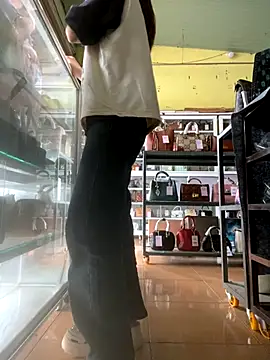 Snapshot of Rosa_998 chatting on 26, 9, 2025 Rosa 998 online show from 26, 9, 2025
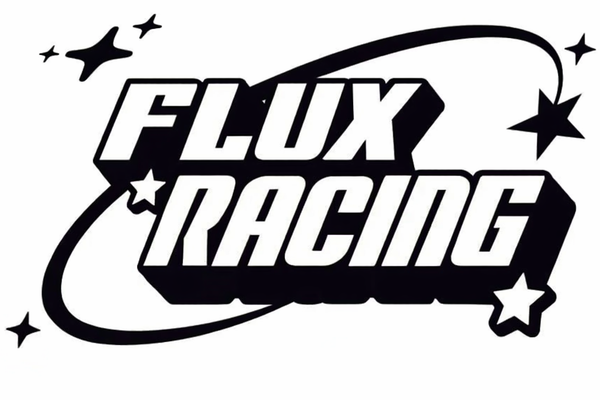 Flux racing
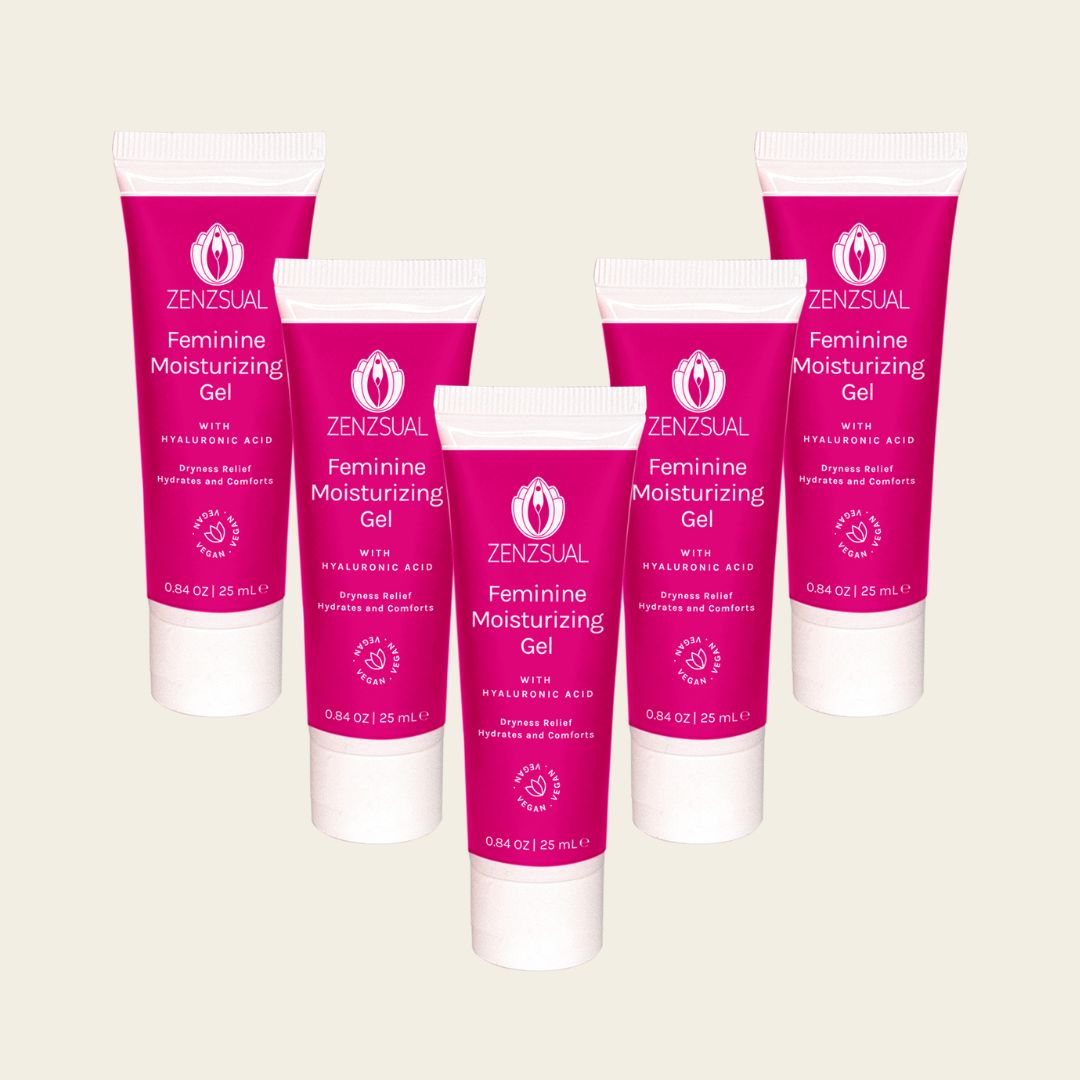 gel hidratante femenino con cido hialurnico - Gel Hidratante Femenino con cido Hialurnico - CBD Zen CBD ZEN by Zenzsual gel hidratante femenino con cido hialurnico - Gel Hidratante Femenino con cido Hialurnico - CBD Zen CBD ZEN by Zenzsual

What the exercise asks:
None of the pictures should appear; copy the rest of the material above exactly.

Problem solution:
 Snapshot of Rosa_998 chatting on 26, 9, 2025 Rosa 998 online show from 26, 9, 2025
 Flux racing
 gel hidratante femenino con cido hialurnico - Gel Hidratante Femenino con cido Hialurnico - CBD Zen CBD ZEN by Zenzsual gel hidratante femenino con cido hialurnico - Gel Hidratante Femenino con cido Hialurnico - CBD Zen CBD ZEN by Zenzsual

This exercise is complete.